Instructions for the task:
Exact retyping of the data: please keep every word and drop each picture.

Given information:

============

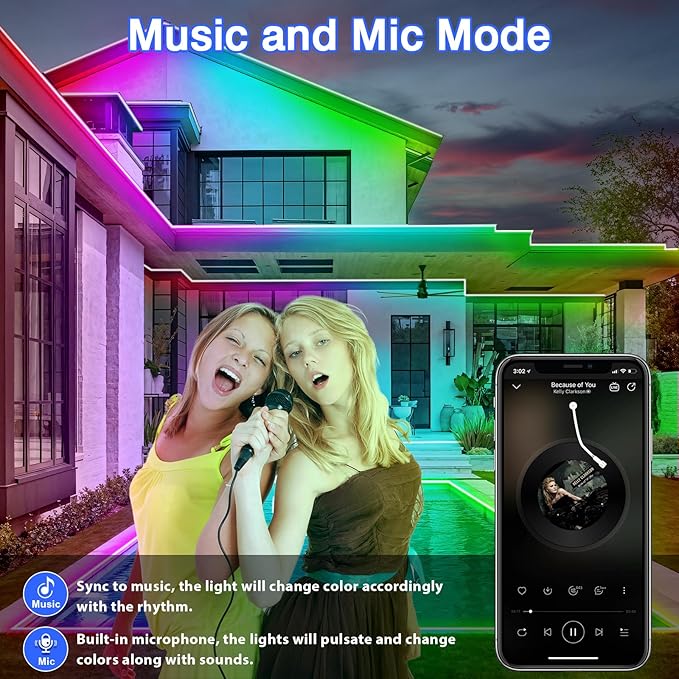 zoegi 200FT Outdoor LED Strip Lights Waterproof,Music Sync RGB IP68 Outside Led Light Strips Waterproof with App and Remote,Exterior Led Rope Lights for Deck,Balcony,Roof,Garden,Pool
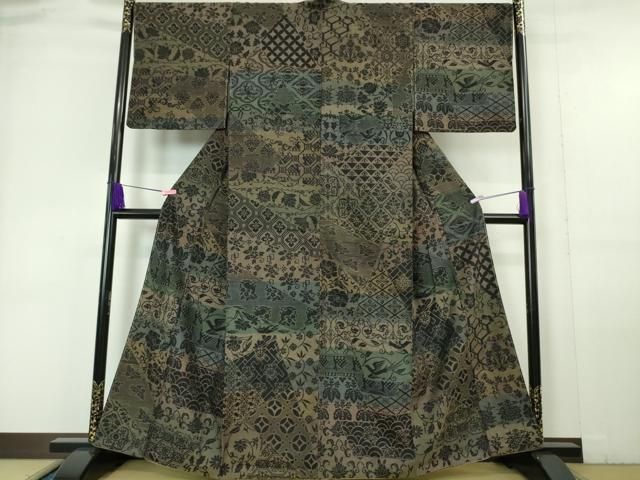 平和屋本店□極上 本真綿紬 柿渋染 切嵌 名物裂 証紙付き 逸品 未使用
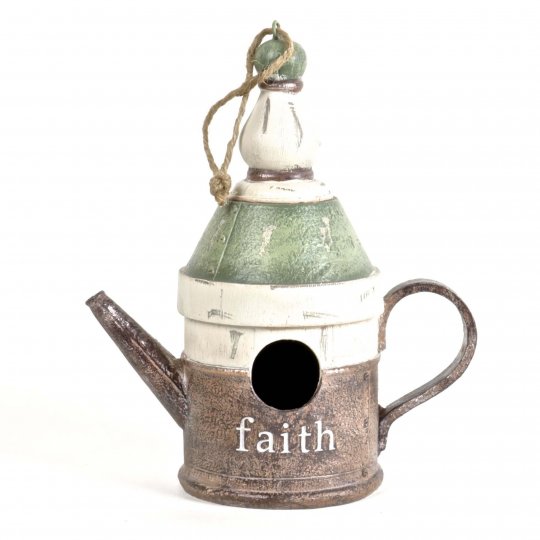 Polyresin Decorative Birdhouse - Faith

============

Answer to this task:
 zoegi 200FT Outdoor LED Strip Lights Waterproof,Music Sync RGB IP68 Outside Led Light Strips Waterproof with App and Remote,Exterior Led Rope Lights for Deck,Balcony,Roof,Garden,Pool
 平和屋本店□極上 本真綿紬 柿渋染 切嵌 名物裂 証紙付き 逸品 未使用
 Polyresin Decorative Birdhouse - Faith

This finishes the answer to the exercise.